Studio album by Madeline Merlo
- Released: April 29, 2016
- Recorded: 2014–16 in Nashville, TN
- Genre: Country
- Length: 38:59
- Label: Open Road
- Producer: Dan Swinimer; Matt Rovey; EO; Jeff Coplan; Todd Clark;

Madeline Merlo chronology
| Madeline Merlo (2014) | Free Soul (2016) | Slide (2022) |

Singles from Free Soul
- "Sinking Like a Stone" Released: February 18, 2014; "Alive" Released: July 22, 2014; "Honey Jack" Released: July 17, 2015; "Whatcha Wanna Do About It" Released: January 22, 2016; "War Paint" Released: June 24, 2016; "Over and Over" Released: January 20, 2017;

= Free Soul =

Free Soul is the debut studio album by Canadian country music artist Madeline Merlo. It was released on April 29, 2016 via Open Road Recordings. The album includes the singles "Sinking Like a Stone", "Alive", "Honey Jack", "Whatcha Wanna Do About It", "War Paint", and "Over and Over". Upon release, the album debuted at number 88 on the Billboard Canadian Albums Chart. The album's fourth single, "Whatcha Wanna Do About It" earned Merlo her first top ten single on the Canadian country singles chart.

==Background==
In early 2014, Merlo signed a record deal with Open Road Recordings and spent approximately eight months developing her sound. She released her debut single, "Sinking Like a Stone", on February 18, 2014. The song stayed on the Canada Country chart for 20 weeks and reached a peak position of 32, which helped to establish Merlo's presence on Canadian country radio. That summer (July 22, 2014), she released an eponymous debut extended play, along with a new single, "Alive".

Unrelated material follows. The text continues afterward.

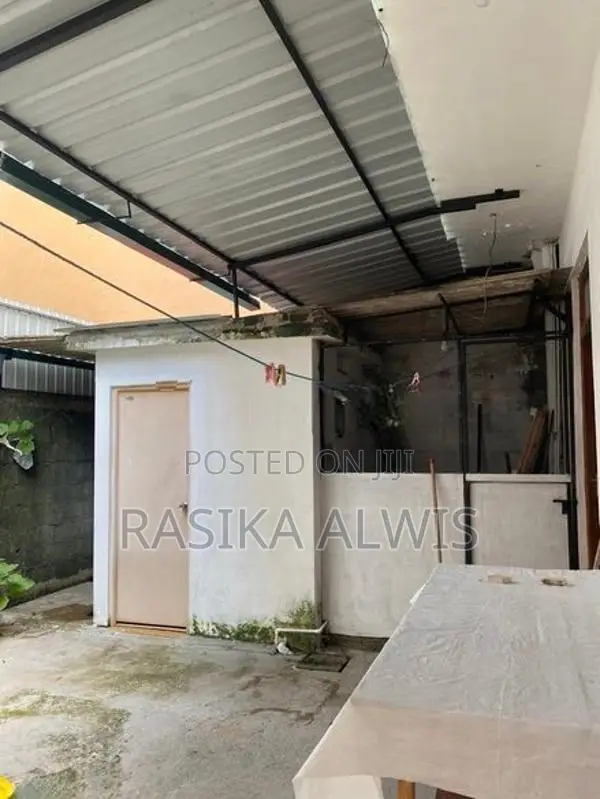 House For Rent – Pelawatte (Road In Front Of The Isurupaya)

Merlo experienced a commercial breakthrough in 2015 with the release of her third single, "Honey Jack." The track reached the top 25 on the Canada Country chart and the song's success contributed to her being chosen as the opening act on Dean Brody and Paul Brandt's The Road Tour that year. At the 2015 Canadian Country Music Association (CCMA) Awards, Merlo won the prestigious Rising Star award. The fourth single, "Whatcha Wanna Do About It" became Merlo's first top-10 at country radio. Free Soul was made available for pre-order on April 19, 2016.

===Content===
Merlo previously recorded a version of "Ready to Say Goodnight" with duet partner Tim Hicks on the latter's 2014 album, 5:01.

==Critical reception==
Nanci Dagg of Canadian Beats wrote that Free Soul is "extremely well written and well produced – from the first song to the last," and found the full-length album format "refreshing."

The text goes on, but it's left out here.